Do you know what it means to be pure, Deka?
Deka has always known she would bleed cursed, gold blood on the day of her Ritual.
No matter how many of the Infinite Wisdoms she’s memorized, or how often she’s prayed that she could be just like every other normal girl in the village, she’s know this would be the day she died. What does surprise her, is to learn that it would not be the only time she would die. Deka is horrified to learn that the priests have a habit of bleeding out the girls like her — after all, gold is gold, even if it came from a vein. After weeks of torture and death, Deka is offered a choice: stay, and die (again), or leave the only home she’s ever had to train to fight in a demonic army on behalf of the emperor.
Prepare to lose your minds, folks — this book is THAT good.
I was enthralled by the world Forna built deep in my mind as I read Deka’s story.
With every day Deka spent harnessing her powers and discovering her true purpose in the war she was training for, I could feel my feet rooting themselves on the same unsteady path upon which Deka treaded. I felt the weight of Deka’s shame as she coped with the fact that she was exactly what everyone accused her of being: unnatural. I felt her heart break as she lost friends in the trenches of a brutal fight against the deathshrieks, and I felt her heart strengthen with every obstacle she overcame. The land of Otera truly is breathtaking; it’s the stuff of dreams and of nightmares and everything in-between.

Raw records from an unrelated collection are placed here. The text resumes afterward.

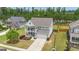 Aerial view of a home with manicured landscaping and a spacious front yard at 206 Roundwood Way, Peachtree City, GA 30269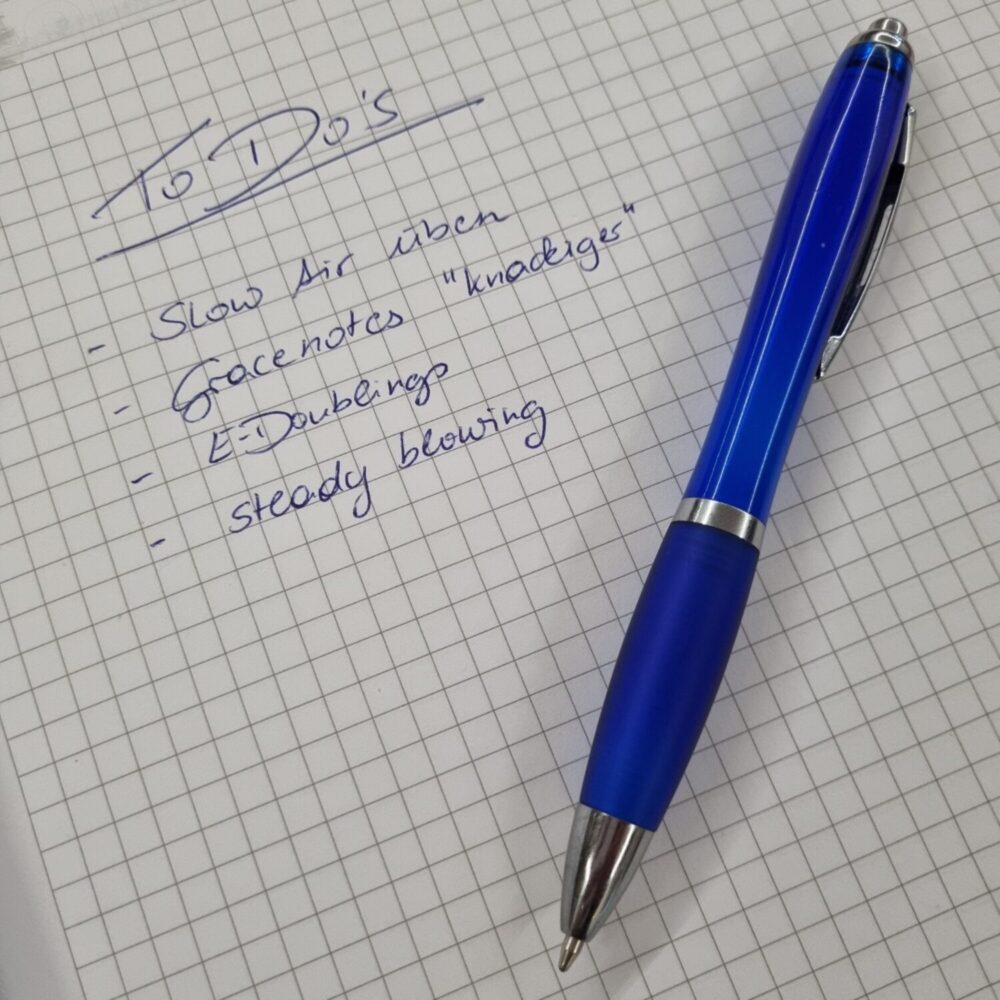 To Do Liste auf karriertem Papier mit blauem Kugelschreiber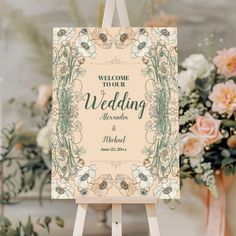 an easel with a sign that says welcome to our wedding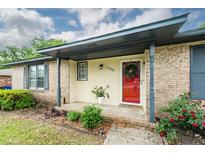 Charming covered front porch with brick accents, updated paint, and well-manicured landscaping at 7655 Ovaldale Dr, North Charleston, SC 29418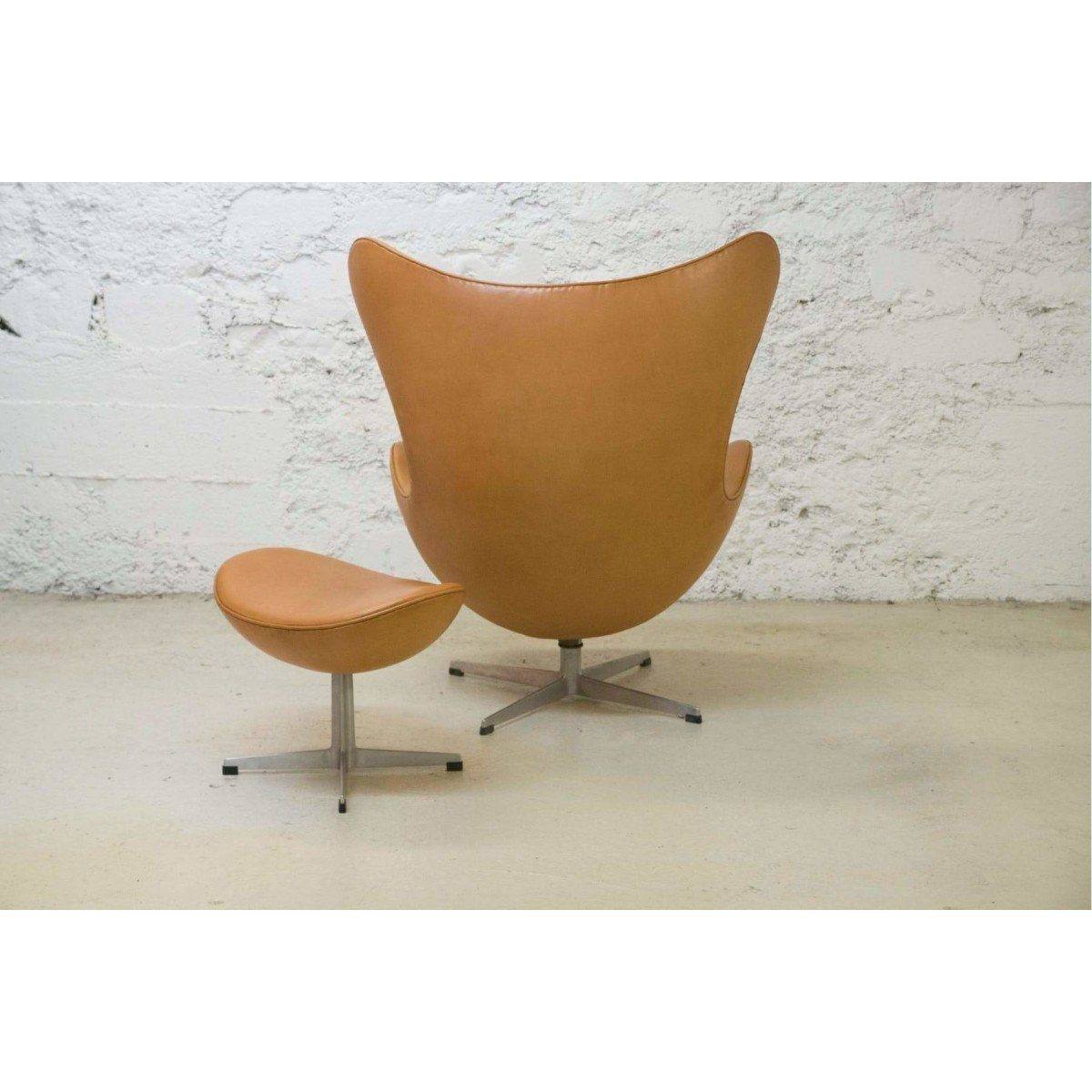 Fauteuil pivotant Egg Chair et son ottoman d'Arne Jacobsen pour Fritz Hansen, cuir cognac, devant un mur de briques peint en blanc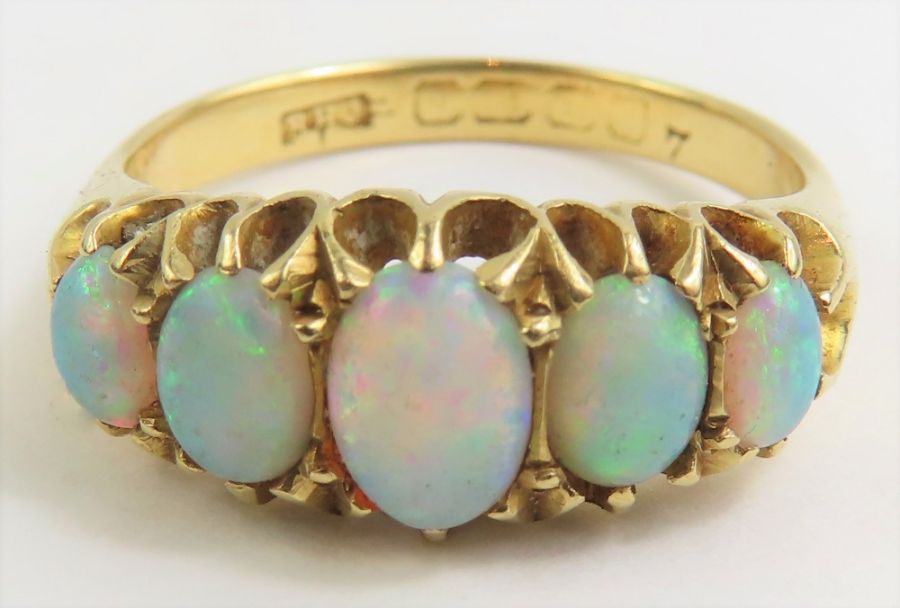 A late 19th/early 20th century opal five stone ring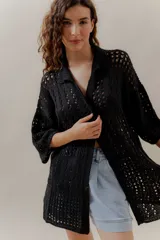 Saco calado negro tejido a máquina, con cuello tipo camisa y mangas 3/4.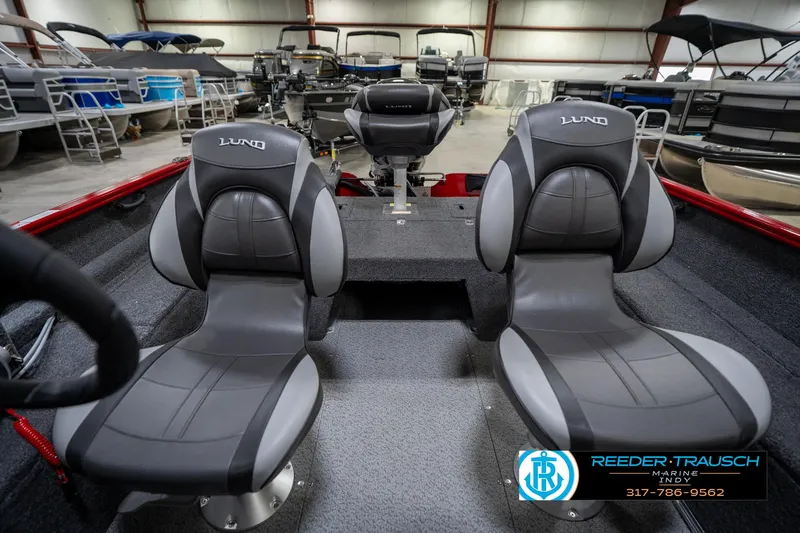 Slide: The Image of 2026 Lund 1650 Rebel XL SS boat interior with two gray seats in a showroom. - 18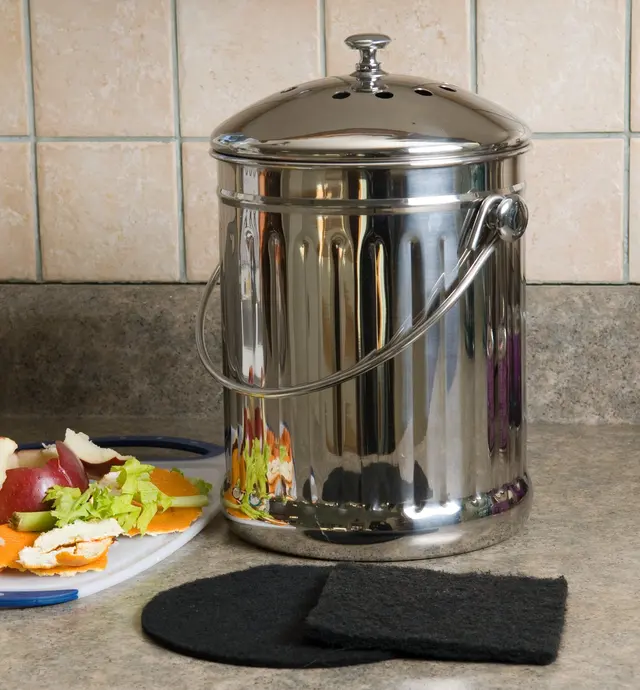 Seau à compost sur un comptoir près de restes de légumes et de filtres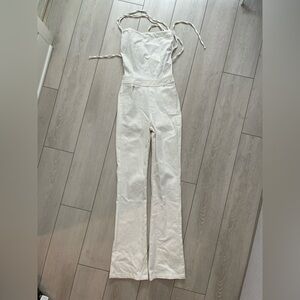 Pann White denim jumpsuit with adjustable straps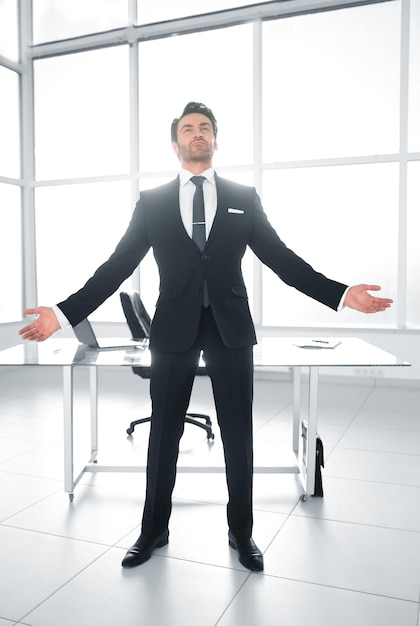 Successful businessman standing in his officephoto with copy space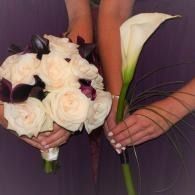 Two bridal bouquets: white roses with dark accents and a white calla lily, held by hands in purple dresses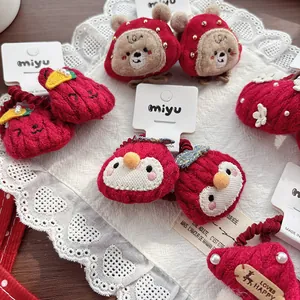 Close-up of handmade red knit hair accessories with cartoon bear and strawberry details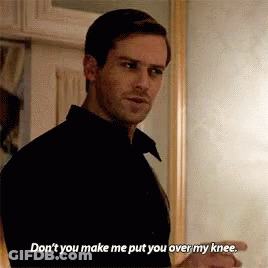 A Man In A Black Shirt Is Standing In Front Of A Mirror And Talking To Someone . GIF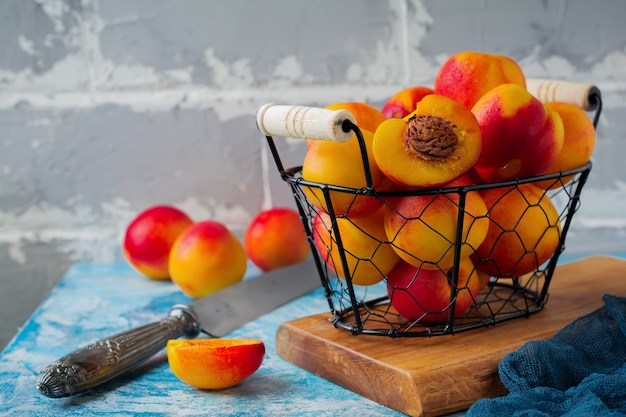 Fresh juicy fruit nectarines in metal grid on blue concrete.  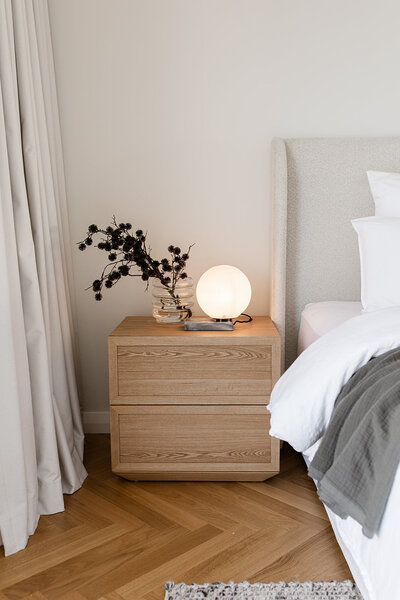 Oak bedside table with timber floors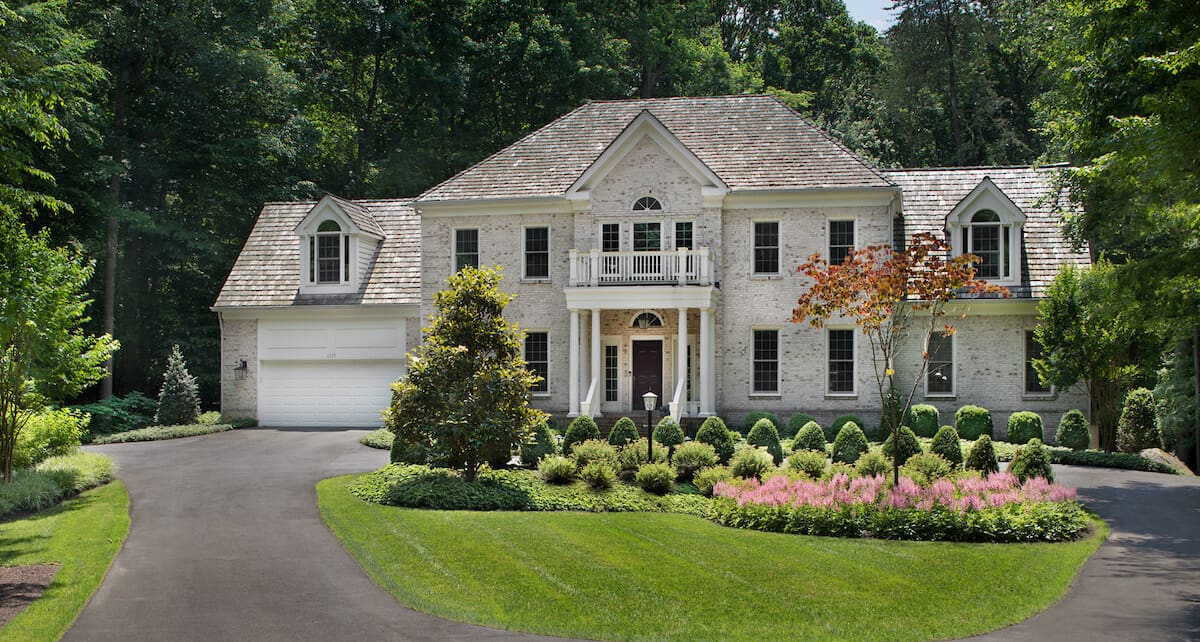 03 front yard landscaping style with circular driveway Surrounds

Like many YA stories, Deka’s fictional journey speaks to the evils we face every day.
It’s no secret that there is corruption in every facet of our broken world — we’re human. How can there not be? Forna sheds light on issues like the abuse of power by religious officials — priests and mentors whom we are meant to trust, rather than fear — and of power-hungry rulers who are quick to judge and conquer and slow to listen to the voices of their people. I loved the way Deka did not cower in fear, but she also recognized that she alone would not be the hero of this story. Britta, Keita, and all of the alalki and uruni who fought by her side made it possible for her to complete her mission. Deka knew from the beginning that she would not be an island, she just needed to believe that there could be people willing to love her for her, not for her unnatural abilities.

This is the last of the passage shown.